After, before or in parallel with the operation at the step S21, the landmark selection unit 211 may set the condition relating to the condition relating to the attribute (the face direction angle θ in this case) as the condition for selecting the landmark in addition to or instead of the condition relating to the action unit (a step S22). Namely, the landmark selection unit 211 may set, as the condition relating to the face direction angle θ, the face direction angle θ corresponding to the landmark that should be selected. For example, the landmark selection unit 211 may set a range of the face direction angle θ corresponding to the landmark that should be selected. In this case, the landmark selection unit 211 may set single condition relating to the face direction angle θ or may set a plurality of conditions relating to the face direction angle θ. Namely, the landmark selection unit 211 may set single face direction angle θ corresponding to the landmark that should be selected or may set a plurality of face direction angles θ corresponding to the landmark that should be selected. However, the landmark selection unit 211 may not set the condition relating to the attribute. Namely, the data generation apparatus 2 may not perform the operation at the step S22.
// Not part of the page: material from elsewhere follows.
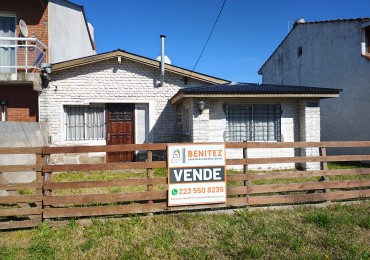 VENTA CASA 3 AMB.SANTA CLARA DEL MAR.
The landmark selection unit 21 may set the condition relating to the action unit based on an instruction of a user of the data generation apparatus 2. For example, the landmark selection unit 21 may obtain the instruction of the user for setting the condition relating to the action unit through the input apparatus 23 and set the condition relating to the action unit based on the obtained instruction of the user. Alternatively, the landmark selection unit 21 may set the condition relating to the action unit randomly. When the image processing apparatus 1 detects at least one of the plurality of types of action units as described above, the landmark selection unit 211 may set the condition relating to the action unit so that the plurality of type of action units that are detection target of the image processing apparatus 1 are set in sequence as an action unit corresponding to the landmark that should be selected by the data generation apparatus 2. The same applies to the condition relating to the attribute.
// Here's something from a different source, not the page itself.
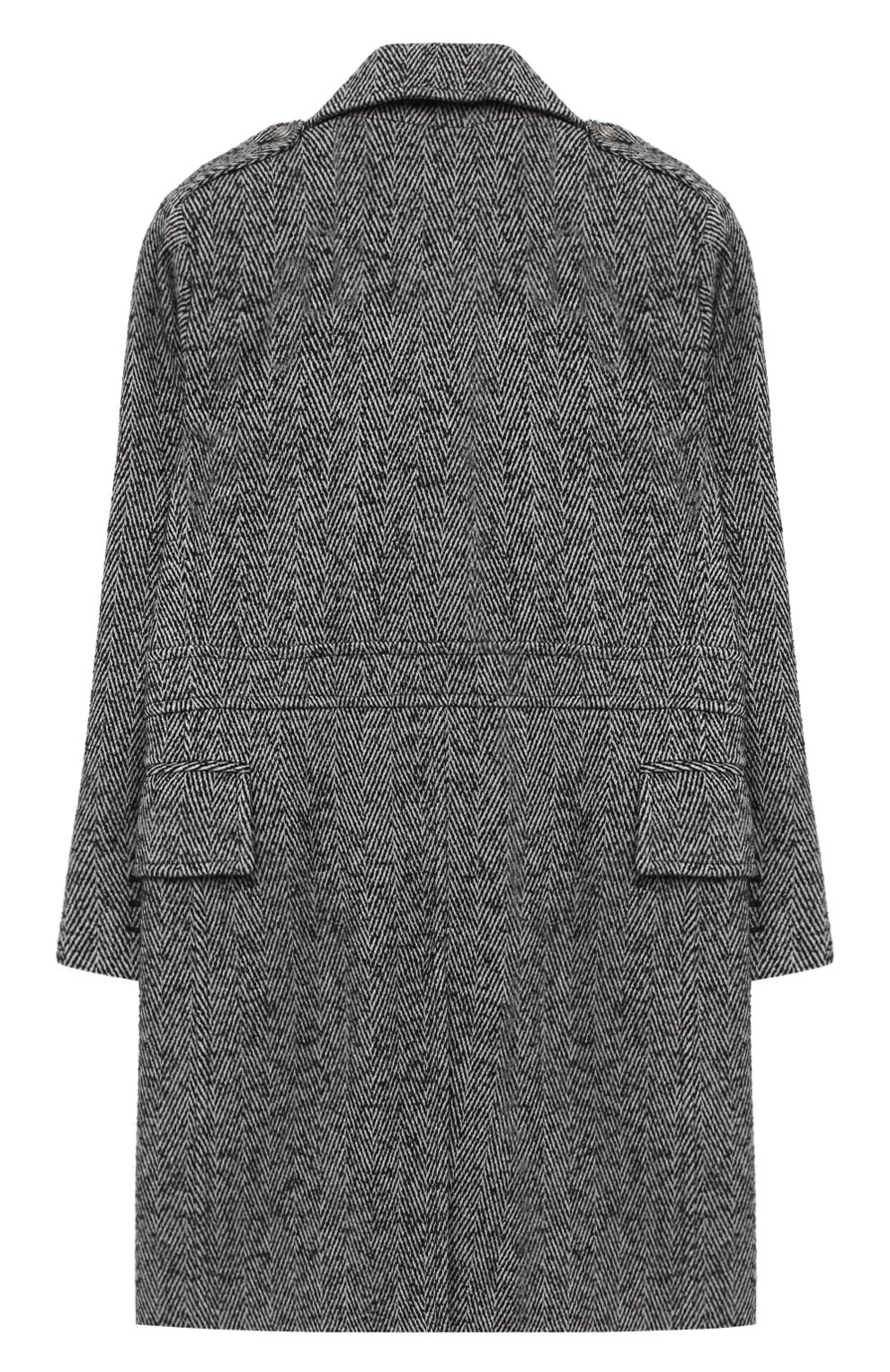 Двубортное пальто BALMAIN, арт. 6N2620/NF220/4-10, фото 2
Then, the landmark selection unit 211 randomly select at least one landmark for each of the plurality of facial parts from the landmark database 320 (a step S23). Namely, the landmark selection unit 211 repeats an operation for randomly selecting the data record 321 including the landmark of one facial part and selecting the landmark included in the selected data record 321 until the plurality of landmarks that correspond to the plurality of facial parts, respectively, are selected. For example, the landmark selection unit 211 may perform an operation for randomly selecting the data record 321 including the landmark of the brow and selecting the landmark included in the selected data record 321, an operation for randomly selecting the data record 321 including the landmark of the eye and selecting the landmark included in the selected data record 321, an operation for randomly selecting the data record 321 including the landmark of the nose and selecting the landmark included in the selected data record 321, an operation for randomly selecting the data record 321 including the landmark of the upper lip and selecting the landmark included in the selected data record 321, an operation for randomly selecting the data record 321 including the landmark of the lower lip and selecting the landmark included in the selected data record 321 and an operation for randomly selecting the data record 321 including the landmark of the cheek and selecting the landmark included in the selected data record 321.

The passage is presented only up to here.